Message Retention and Time To Live (TTL) Policies
A Pulsar cluster consists of 2 fundamental layers: a set of brokers as a serving layer, and a set of bookie nodes as a persistent storage layer. The Brokers as stateless components handle the partitioned parts of topics: store the received messages to the cluster, retrieve messages from the cluster, and send to the consumers on demand. The physical storage of the messages is handled by “bookie” nodes, which are the persistent storage for the Pulsar cluster. The Apache BookKeeper is the configuration used to manage bookie nodes. Since the broker layer and bookie layer are separated, scaling one layer is independent of scaling the other.

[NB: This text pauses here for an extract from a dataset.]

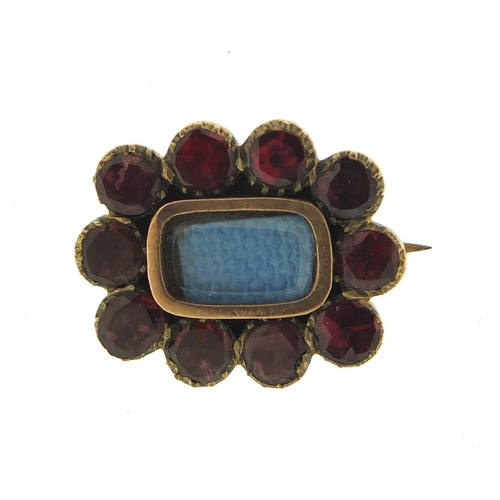 810 - Georgian unmarked gold garnet mourning brooch, 1.7cm wide, 1.6g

Having said that, in Pulsar, messages can only be deleted after all the subscriptions have already consumed it (the messages are marked as acknowledged in their cursors). However, Pulsar also allows to keep messages for a longer time even after all subscriptions have already consumed them. This is done by configuring a message retention period. Additionally, Pulsar allows TTL, a message will automatically be marked as acknowledged if it is not consumed by any consumers within the configured TTL time period.
Fig. 4: Pulsar message retention policies.
!!! Fig 4 interpretation Figure 4 shows how retention policies work with and without retention policy in place in a topic partition. Without retention policy, Grey cells can be deleted as these have been acknowledged by subscriptions A and B. Blue cells cannot be deleted yet as not acknowledged by subscription A. Green cells cannot be deleted as not acknowledged by any subscription. Using retention policy, only grey cells can be marked as retained, for the configured time period, as both subscription A and B have consumed those messages. On this topic partition subscription B has a TTL in place, cell M10 has been marked as acknowledged even if this cell has not been consumed yet.
In order to configure a highly available Pulsar multicluster, the following is required:
- A zookeeper ensemble (Local Zk for Pulsar and Bookeeper metadata and Global Zk for Store multicluster metadata)
- A Bookeeper cluster (Stateful storage layer)
- A Pulsar broker cluster (Stateless coordinator)
Fig. 5: Pulsar architecture stack.
In this first part of a trio blog, I reviewed the principal concepts of Apache Pulsar, briefly considering a high and low level description and highlighting the main benefits that it offers, as for example, robust unified messaging system, streaming and queuing paradigms support, multi tenancy facilities, geo replication, retention policies, high availability and big data performance amongst others. In my next blogs I will walk through the installation of a high available Pulsar cluster and finally conclude the blog series with an overview of the logs location and analysis as an attempt to understand how the stack is being built up in order to troubleshoot and solve any potential connection problem that may happen within one or more of the components that Pulsar utilises.